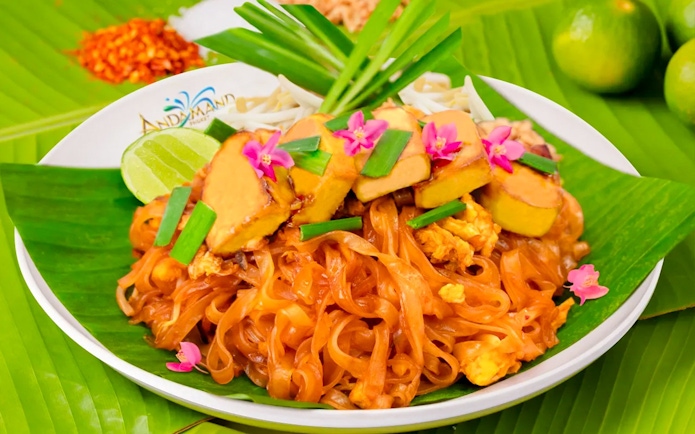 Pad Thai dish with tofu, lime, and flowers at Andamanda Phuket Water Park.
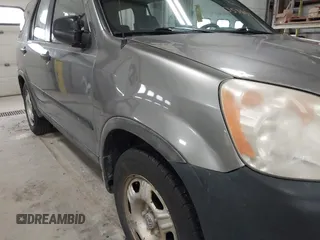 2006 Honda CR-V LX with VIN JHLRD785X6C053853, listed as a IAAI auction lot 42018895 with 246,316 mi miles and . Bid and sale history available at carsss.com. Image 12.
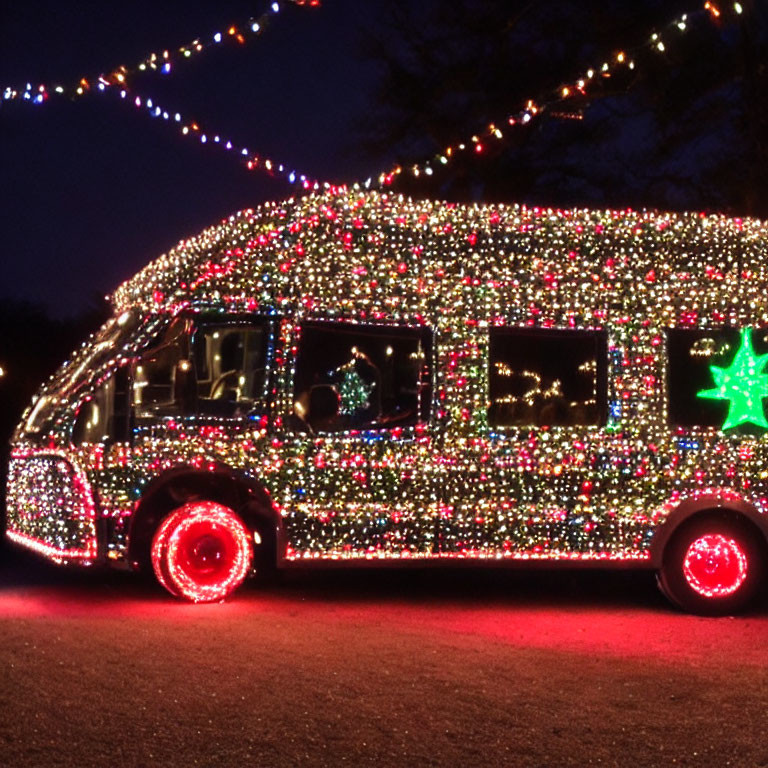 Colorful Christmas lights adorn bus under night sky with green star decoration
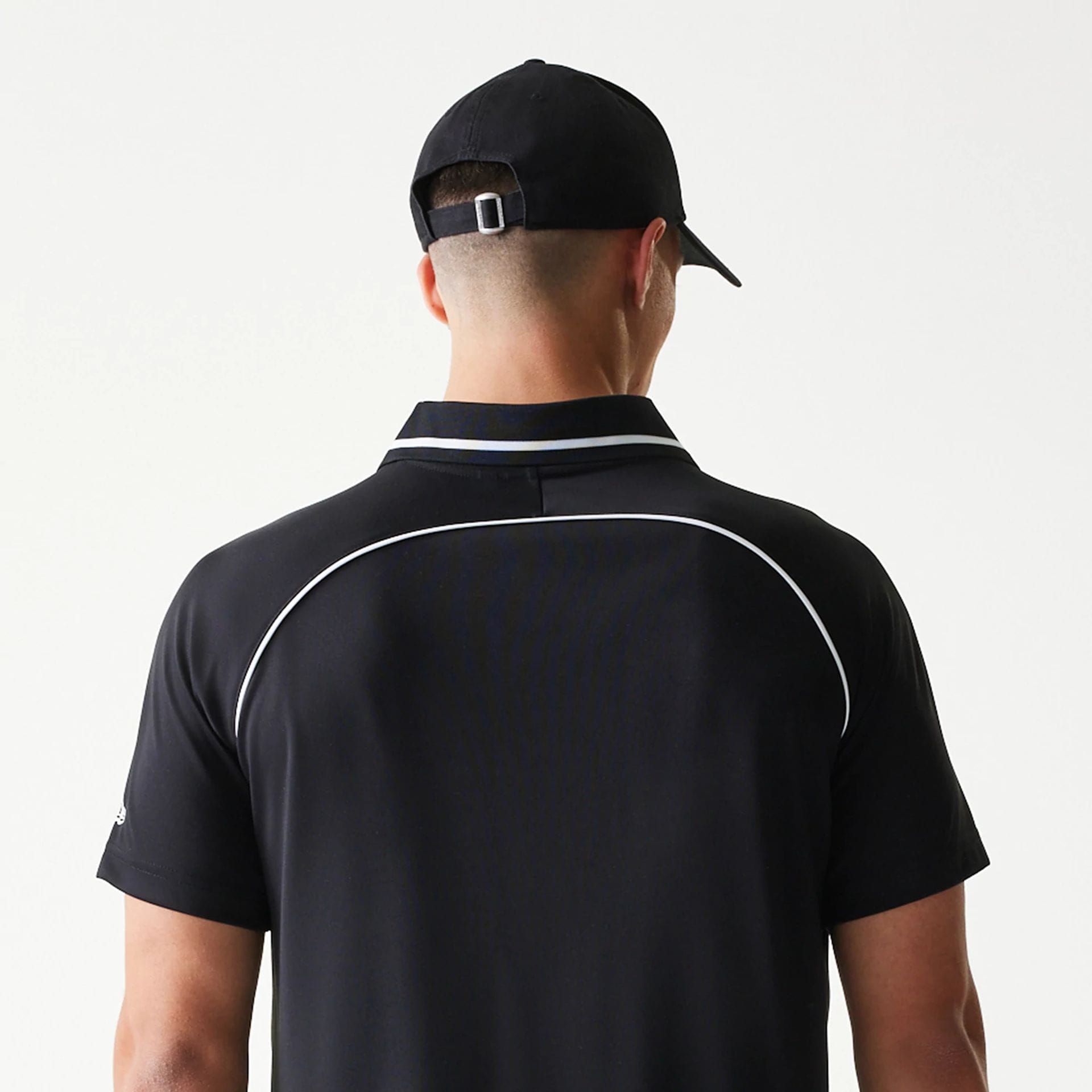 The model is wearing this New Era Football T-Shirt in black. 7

- Task to complete
Each line of the data above must be reproduced as written. Skip the pictures.

- Exercise output
 Pad Thai dish with tofu, lime, and flowers at Andamanda Phuket Water Park.
 2006 Honda CR-V LX with VIN JHLRD785X6C053853, listed as a IAAI auction lot 42018895 with 246,316 mi miles and . Bid and sale history available at carsss.com. Image 12.
 Colorful Christmas lights adorn bus under night sky with green star decoration
 The model is wearing this New Era Football T-Shirt in black. 7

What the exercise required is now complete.